As the Shepherd’s Centers of America network begins to contemplate the 50th anniversary of the first center in 2022, we gain some valuable insight looking back at the historic accomplishment of the moon landing. Here are three takeaways from the Apollo project that I believe are similar to the Shepherd’s Centers network.

  1. Innovation: NASA developed numerous products to enable man to walk on the moon. Some of these include the computer chip, digital scanner, Velcro, cordless tools, and memory foam. These space-aged inventions are everyday consumer products today. Shepherd’s Center also is a first of its kind for bringing together older adults to learn, grow, and give back. To my knowledge, we are the VERY first community-based model that “disrupts” how society views aging. We predate Village to Village, Encore, Oasis, Faith in Action, and others–all of which do excellent work. Each, however, is based on elements of the Shepherd’s Center model–volunteer caregiving, life-long learning, older adults helping older adults, community collaboration. We should proudly celebrate our place as the first with the vision of empowering older adults as well as promoting values that are far more commonplace in aging services.
  2. Collaboration: I read that it took more than 400,000 people to make the journey to the moon happen. It was a collective effort with amazing partnerships between the government, private industry and the astronauts—and, ultimately the American public.
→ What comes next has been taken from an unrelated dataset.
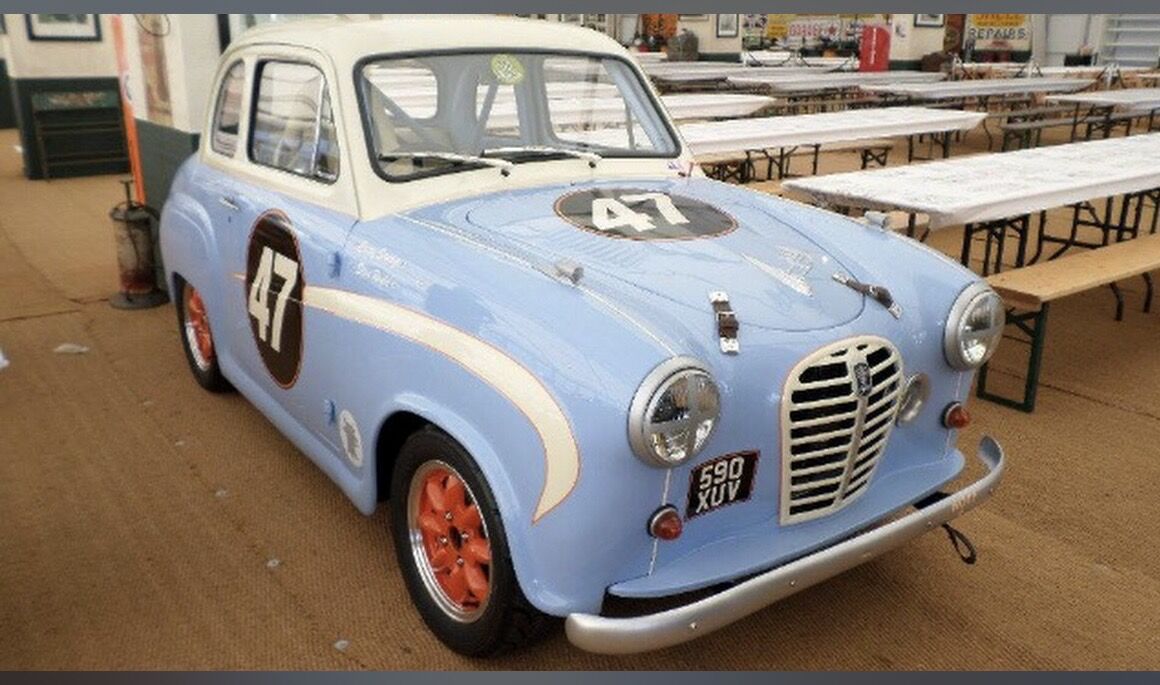 Classic race car restoration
I also read that the whole world felt united, thinking of it as something “we” all achieved. Shepherd’s Centers are founded on the principle of collaboration, too. Different faith groups, community agencies, and individuals from all walks of life come together. In coming together we can accomplish more than one person or agency can do alone. Moreover, our network is the “we.” When one Shepherd’s Center succeeds, we all succeed. The work we each do coalesces into the collective consciousness of society.
  3. Commitment: The space race is a great story. It is a tale of perseverance and accomplishment. The choice to go to the moon was more than the “hard” thing–it was about committing to principles and progress for all people. And so is the story of Shepherd’s Centers. It isn’t always easy; it takes commitment to stay the course despite the ups and downs. Sometimes we just have to choose to take the next step…building relationships, meeting new people, expanding our circle, learning, reflecting. The choices we make as a society impact our ideals. Our vision for living a life of meaning is about mobilizing and sustaining our commitment to creating a better today and brighter tomorrow for older adults.

Perhaps when we look up at the moon in the night sky, we’ll remember that the choice for change to improve the lives of older adults is ours to act upon every day. After all, since we can walk on the moon, surely we can care and connect with our neighbors here on earth.